▸ **What is required**
Restate word for word the material below, starting at the line that contains "Вызывной повар астана" and stopping after the last line; skip pictures.

--- Given material ---

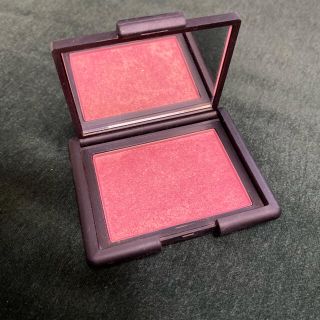 ナーズ(NARS)のNARS ブラッシュ #4013 オーガズム orgasm(チーク)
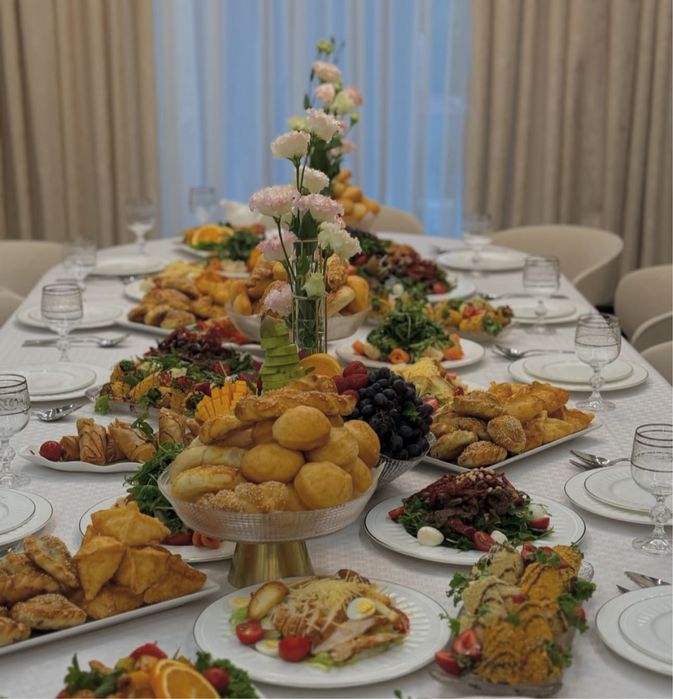 Вызывной повар астана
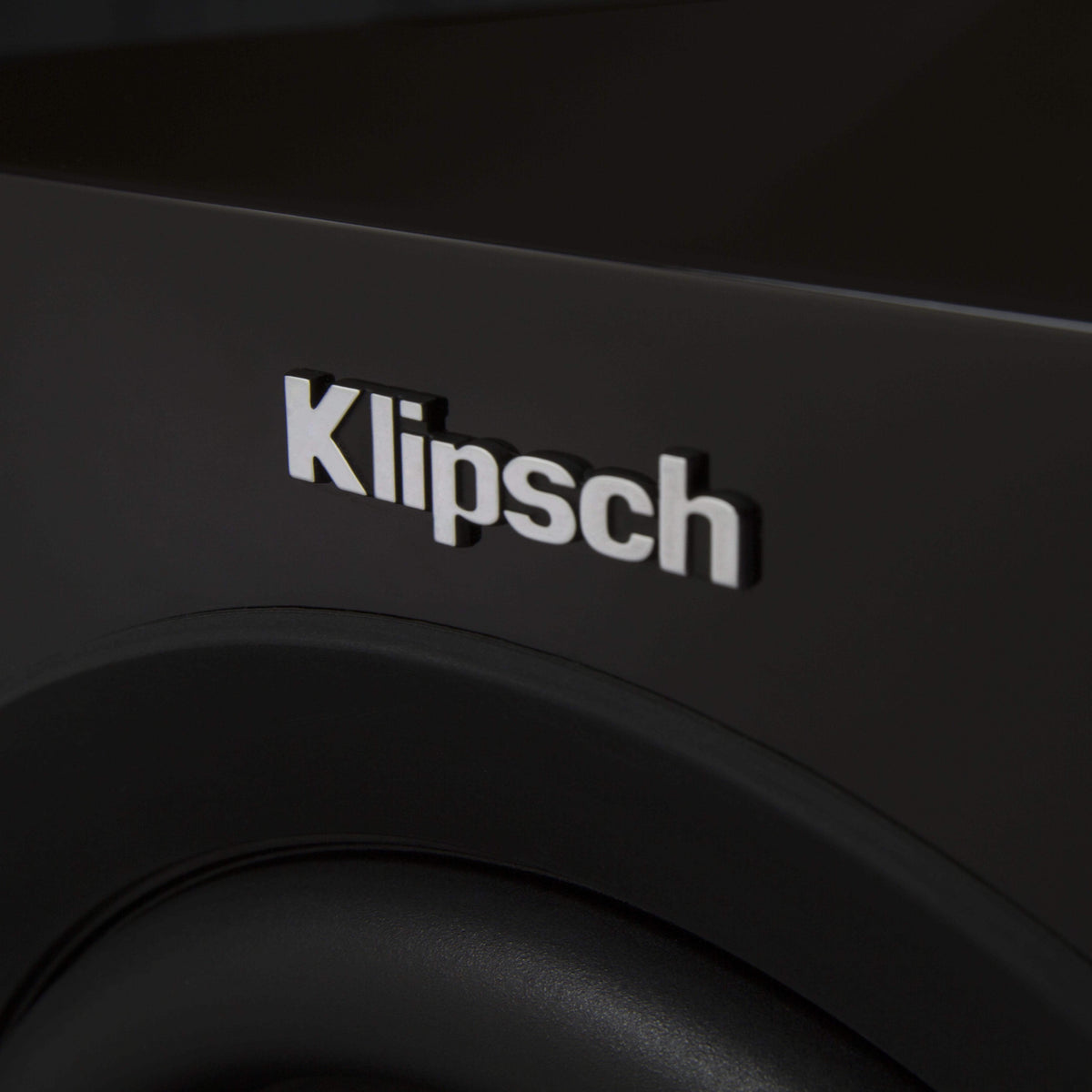 Klipsch C-308ASWi Subwoofer - Black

---

▸ **Result below**
 Вызывной повар астана
 Klipsch C-308ASWi Subwoofer - Black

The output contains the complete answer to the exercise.